Is this the only DMX device in the chain?

Did you connect the open unit to your computer before starting VSA?


----------



## kennyw76 (Sep 30, 2007)

what about the ftdi drivers for enttec

http://www.ftdichip.com/Drivers/CDM/CDM 2.04.06 WHQL Certified.zip

he should already have this right


----------



## Phoenix (Sep 23, 2006)

If the Enttec appears in VSA as Entec-1 then there is a good chance they are there and working, however, it cant help to update tehm


----------



## Shaggydo (Apr 7, 2008)

have you tried a terminator resistor? No not yet, but the relay/dimmer works with another 3rd party software.
whats your computer spec? p4 (3.00) with 1 g of ram

what percentage of processor load does your computer run at when its running your routine? Not sure.
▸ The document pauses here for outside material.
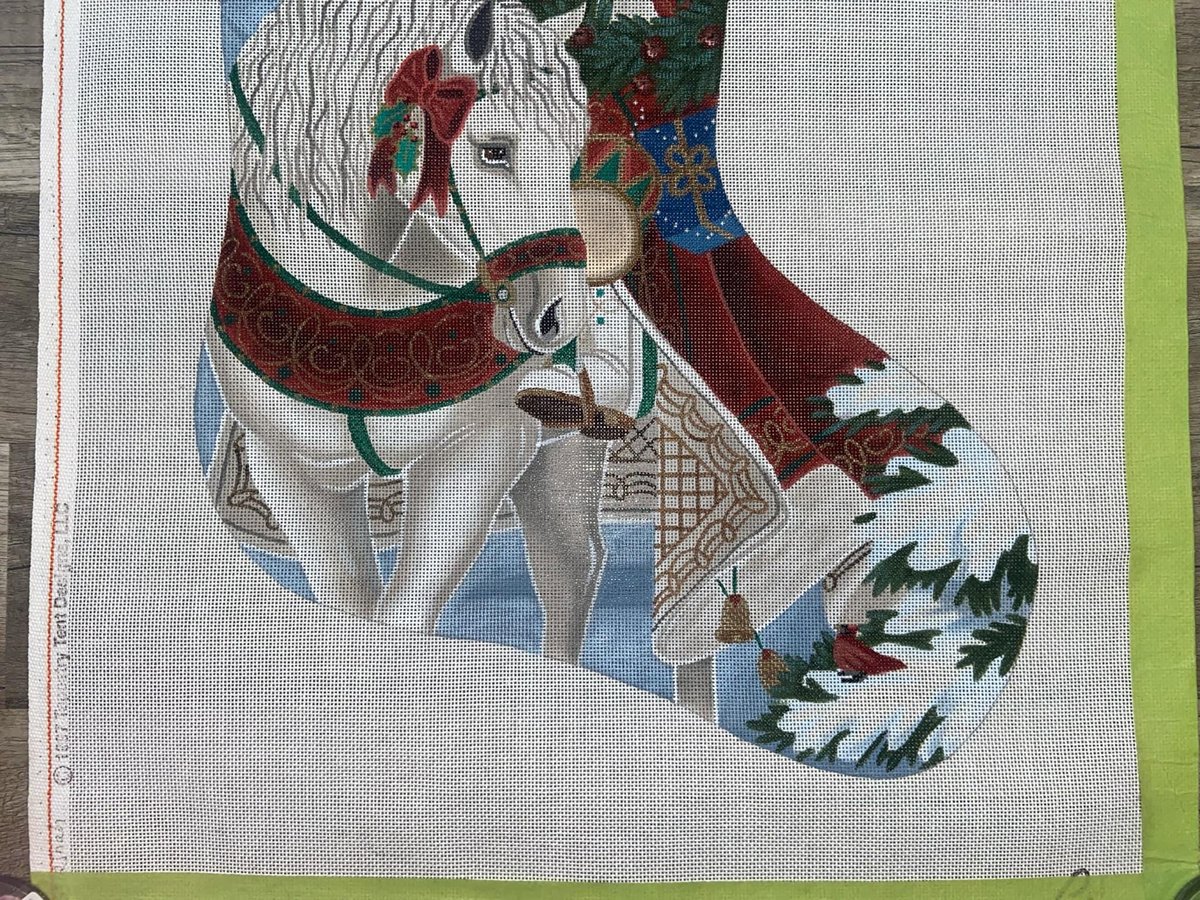 Christmas Stocking New Rare Susan Roberts Handpainted SANTA on HORSEBACK Needlepoint Canvas Tapestry Tent AXS312 Liz Goodrich Dillon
--------------------------------------------------------------------------------

more thoughts

have you had any DMX hardware controlled from VSA before or is this your first attempt? Yes, I've used a dmx led spot light

What port are you selecting in settings, you should be using Entec-1? Accually mine is Entec-0

Is this the only DMX device in the chain? Yes

Did you connect the open unit to your computer before starting VSA? Yes





--------------------------------------------------------------------------------

what about the ftdi drivers for enttec

http://www.ftdichip.com/Drivers/CDM/...0Certified.zip

he should already have this right I have updated to this vesion, still with no response.
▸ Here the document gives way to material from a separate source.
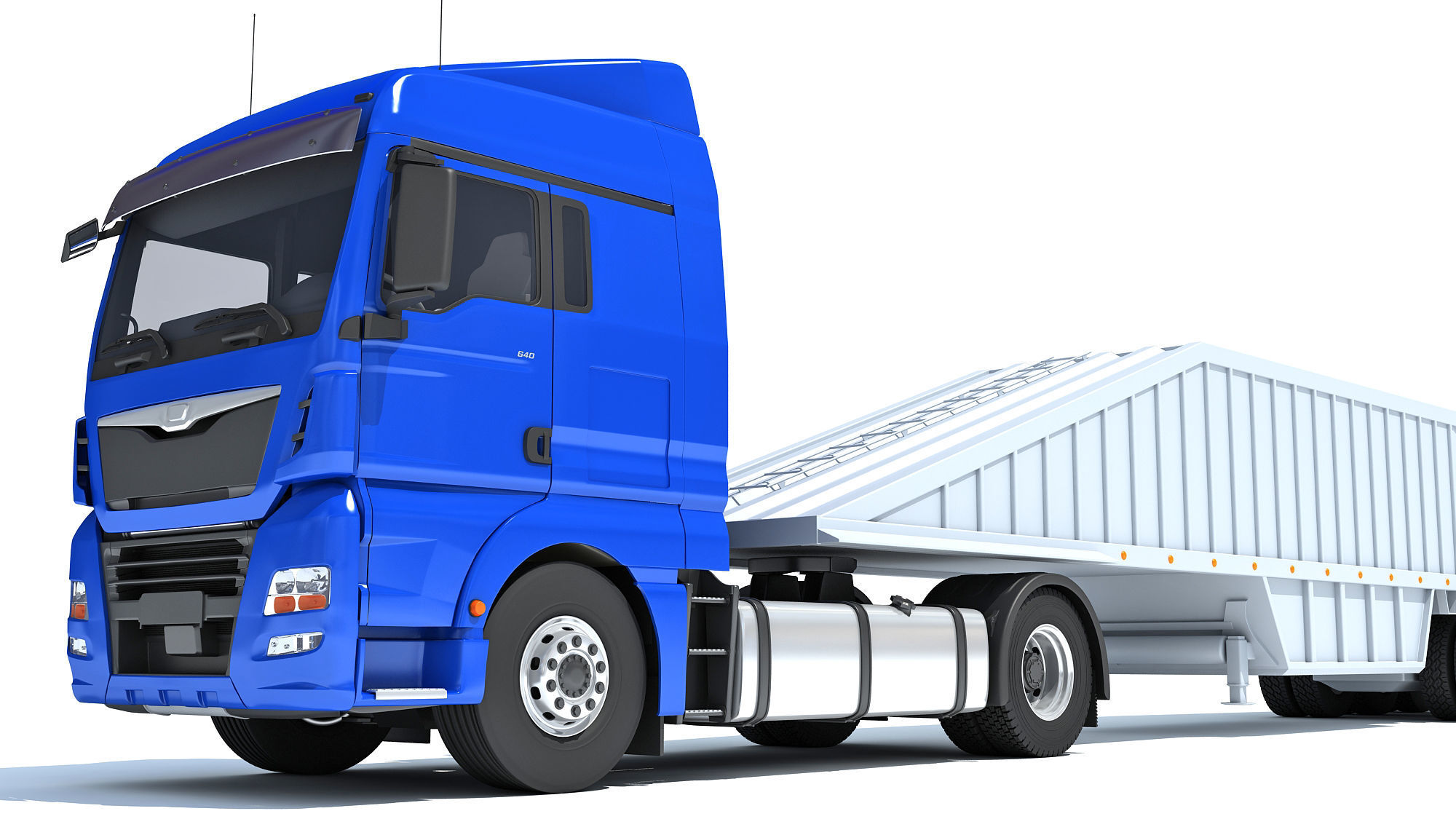 Truck with Bottom Dump Trailer 3D model_12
I still wonder if this unit is having issues with VSA itself. I'm up against a wall. This was a unit that a member on this forum recommended on ebay and at the price I couldn't turn it down, but if it's not going to work I prob wont get any more (that was the plan though). Thanks for all the help.....
The end is not in site........But if not a challenge then whats the sence in living....


----------



## Phoenix (Sep 23, 2006)

There is something strange here, because everything appears to check out, and its not actually possible for VSA alone to have a problem with a particular unit, VSA just generates 'numbers' and send them down the DMX stream, and we know from experience that it is very good at this.


it is possible for some units top have a problem with the Open USB

it is possible for VSA to not be sending a DMX stream to the Enttec unit

it is possible for the DMX addressing to be wrong

it is possible for the device to need a terminator

it is possible for there to be a cable fault

it is possible for the computer to be overloaded and sending an irregular DMX stream.


From the information you have given each one of these possibilities appears to test OK either individually or by implication..... I'm wondering if you actually have a combination of faults that are interacting to give a bad DMX signal, Id suggest that you check everything again, check you are using DMX cables instead of audio cables, check your computers workload and try to eliminate as many possibilities as you can.


----------



## Shaggydo (Apr 7, 2008)

it is possible for some units top have a problem with the Open USB = I have tried it with another lighting software and it works great.

it is possible for VSA to not be sending a DMX stream to the Enttec unit = the unit's dmx signal light does illuminate as if getting a signal.

it is possible for the DMX addressing to be wrong = I've tried every address variation I can think of.

it is possible for the device to need a terminator = this I have not tried but as mentioned before it does work with a third party software.

Has anyone had success with this unit using VSA?


----------



## Phoenix (Sep 23, 2006)

They are the possibilities, and I'm sure that your problem is with one of these, VSA itself cannot be the problem, I can assure you of that.

You still have not verified the processor load and you still have not tried a terminator resistor.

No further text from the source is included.